City home to more than 1,500 high-tech, life sciences companies that generate 37,000 jobs

Markham is doing everything it can to build upon its success as a haven for IT and high-tech firms.

York Region’s largest municipality has just wrapped up Markham Innovation Week, where the city boasted that it’s "Canada’s high-tech capital," home to more than 1,500 high-tech and life sciences companies that generate a staggering 37,000 jobs.

Consider that several decades ago, there was virtually no high-tech industry in Markham.

So why was Markham so successful in becoming the second-largest IT hub in all of Canada, trailing only Canada’s largest city, Toronto.

Longtime Mayor Frank Scarpitti, who has been there to see the rise of the high-tech industry in Markham, believes he knows the answer.

“When you hear what companies are looking for, it’s the talent that we’ve attracted to the city of Markham. In order for these companies to succeed, they need the best and the brightest,” said Scarpitti, who has been mayor since 2006 and a member of Markham council since 1985, except for a term in the mid-’90s.

“Whether it’s through our educational system here … with the schools and the connection to the post-secondary institutions or the internationally skilled talent that’s come here from all over the world. These are all ingredients that companies are looking for.”

Scarpitti said companies that locate to Markham -- and there are many, like IBM Canada, AMD, GM Canada, G&D, Qualcomm, Huawei, Pond Technologies, Terago, Bluewrist, Book4Time, Hyperion Sensors, Honda Canada, and plenty more ­-- are also keenly interested in “diversity, but they’re looking for a skilled and highly educated workforce that’s made available to them here. They also want to be a part of an ecosystem. I’ve heard this described by others who are not in the IT industry, they’re in other industries, but they love being in Markham, because if they have an idea they can go down the street and talk to someone in the IT industry, they’re not having to go halfway around the world to try to figure out that solution.”

Markham is also home to a world-class high-tech/IT incubator, ventureLAB, located at the IBM campus on Steeles Avenue.

Melissa Chee, president and CEO of ventureLAB, describes the 50,000-square-foot facility as an “incubation space where more than 45 high-tech companies are co-located.”

She said the purpose of ventureLAB is to “take companies and founders who may already have a product in mind, they may already have early customers, and we work to pair them with the right advisers, the right customers, the right partners, whether that’s raising dollars or getting market traction to take that product to market.”

Chee said, since 2011, ventureLAB has supported more than 2,000 of Canada’s most inspired entrepreneurs, helping them build and scale their companies to go global.

In 2018 alone, more than 500 companies across Ontario were supported by ventureLAB in areas like digital health, advanced manufacturing, financial services and other high-tech sectors, Chee said.

Two examples of local companies that have benefited by working with ventureLAB are Pond Technologies, which does clean technology innovation, and Hyperion Sensors, which developed a smart energy and transformer technology.
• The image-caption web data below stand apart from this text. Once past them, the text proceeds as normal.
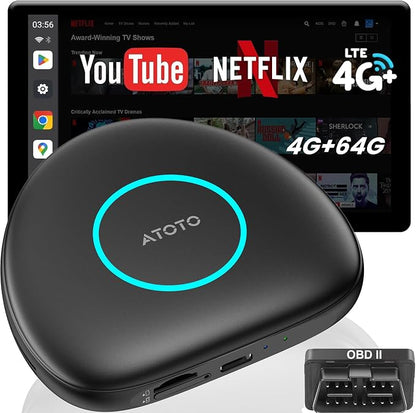 Magic AI Box, Wireless CarPlay Adapter with 4G LTE | GPS | Full Android OS | OBD II, Wireless CarPlay Box Enjoy Video & Music Apps, Navigation, AI Voice, Plug & Play for Factory Wired CarPlay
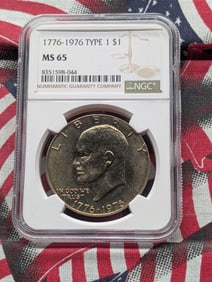 1776-1976 Type 1 Eisenhower Dollar - NGC MS65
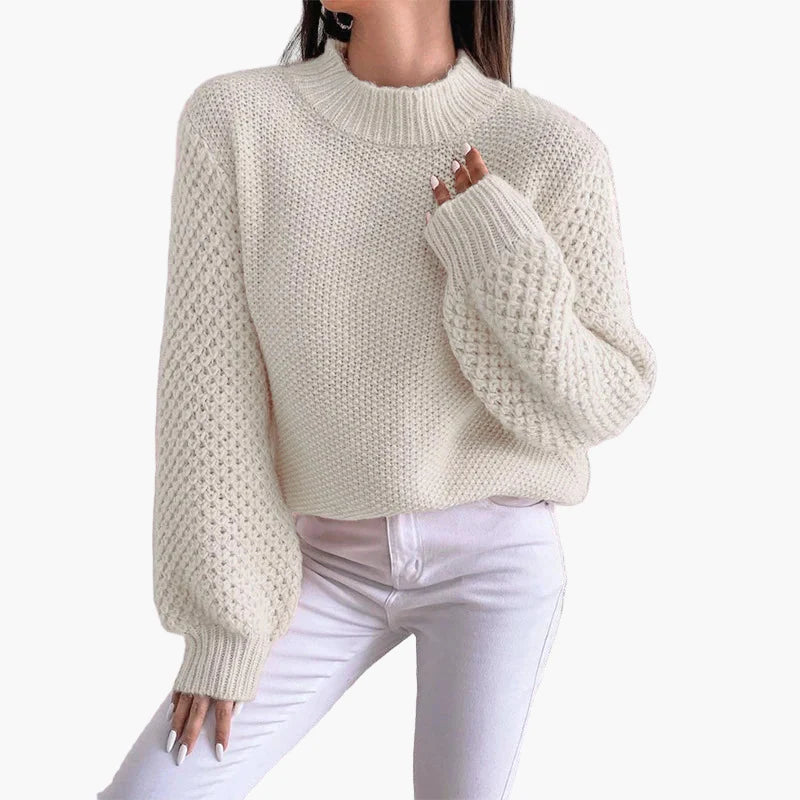 Pull ample femme style décontracté manches ballon tricot chic automne hiver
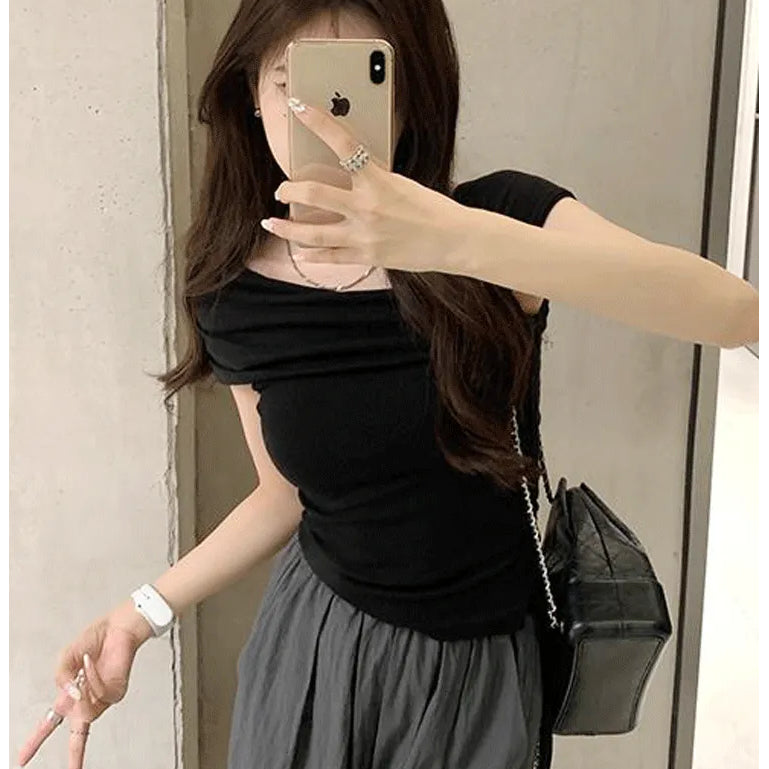Women's Ruffled Off-Shoulder Crop Top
Chee said that ventureLAB operates as a place for tech entrepreneurs that “for the most part, are ready. It’s not just an idea. We support companies that are a little further up the path with their concept and validation. We work with a number of different innovation partners, with academic partners, with not-for-profit partners, to allow earlier stage companies or founders to flush out their ideas for a go-to-market strategy.”